• [Work instruction] For this exercise, output the entries below exactly from the line that holds "We set the source" to the line that holds "Hi and welcome", both ends included. No pictures belong in the copy.

• [Data for this exercise]
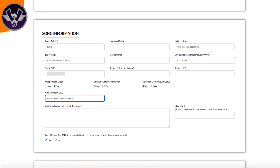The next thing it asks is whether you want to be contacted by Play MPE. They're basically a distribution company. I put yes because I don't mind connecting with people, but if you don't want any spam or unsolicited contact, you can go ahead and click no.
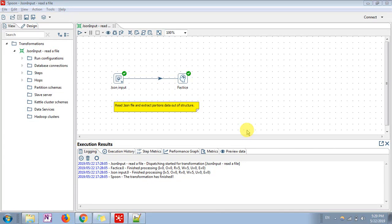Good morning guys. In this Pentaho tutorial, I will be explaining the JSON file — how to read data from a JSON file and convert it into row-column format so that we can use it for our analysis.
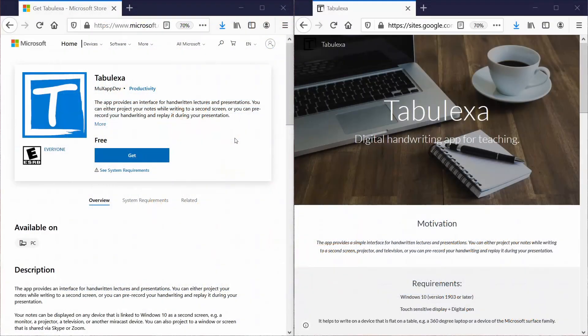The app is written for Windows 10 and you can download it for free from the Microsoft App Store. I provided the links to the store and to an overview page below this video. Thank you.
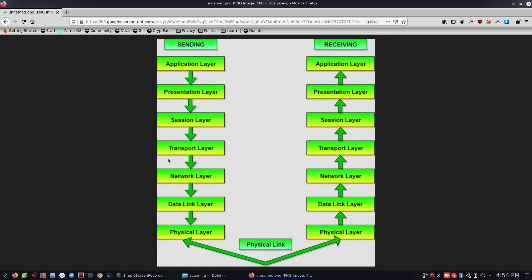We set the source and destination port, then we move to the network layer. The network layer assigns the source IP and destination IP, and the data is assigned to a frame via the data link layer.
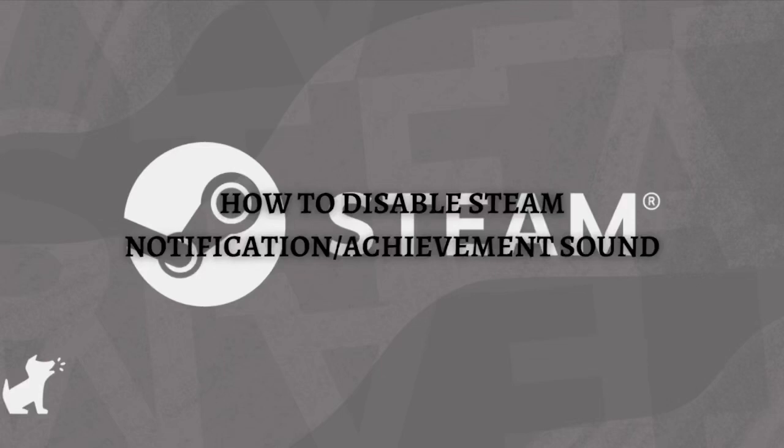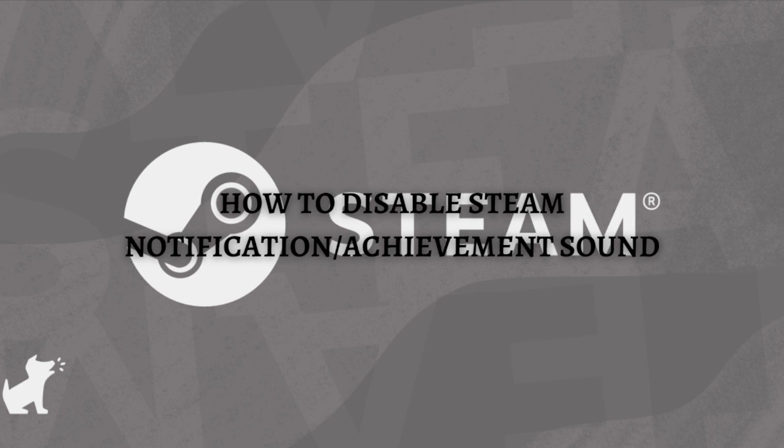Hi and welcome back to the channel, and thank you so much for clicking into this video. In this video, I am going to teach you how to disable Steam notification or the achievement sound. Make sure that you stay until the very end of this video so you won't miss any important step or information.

==

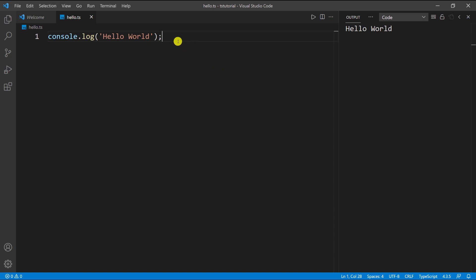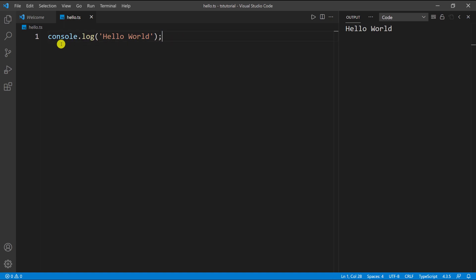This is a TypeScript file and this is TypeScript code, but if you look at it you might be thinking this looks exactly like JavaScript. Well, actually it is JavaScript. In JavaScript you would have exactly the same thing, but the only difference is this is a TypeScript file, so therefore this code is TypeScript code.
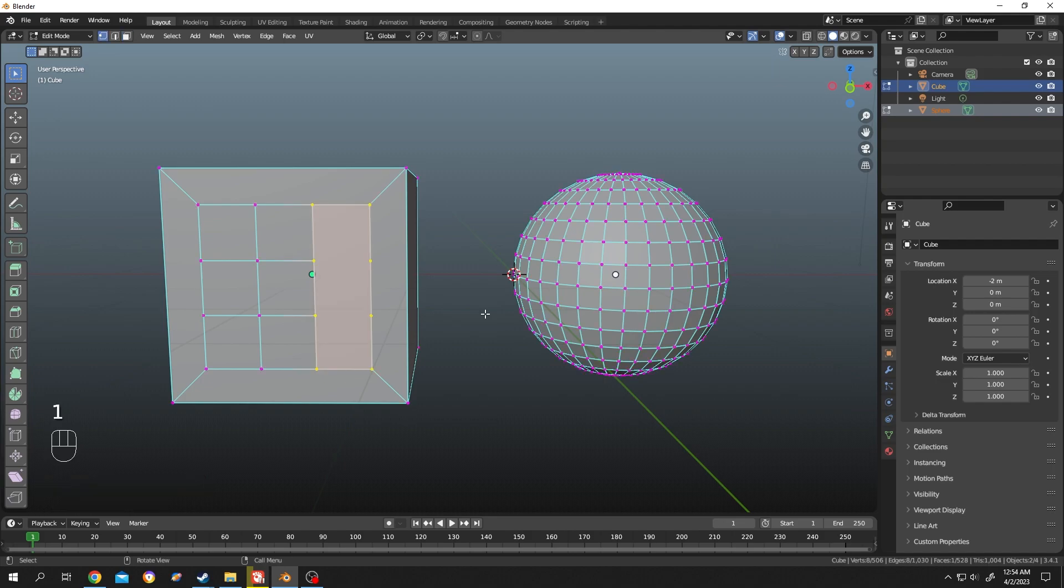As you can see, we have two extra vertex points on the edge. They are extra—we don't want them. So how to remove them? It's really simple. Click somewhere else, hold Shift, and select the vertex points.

• [Reply]
We set the source and destination port, then we move to the network layer. The network layer assigns the source IP and destination IP, and the data is assigned to a frame via the data link layer.
Hi and welcome back to the channel, and thank you so much for clicking into this video. In this video, I am going to teach you how to disable Steam notification or the achievement sound. Make sure that you stay until the very end of this video so you won't miss any important step or information.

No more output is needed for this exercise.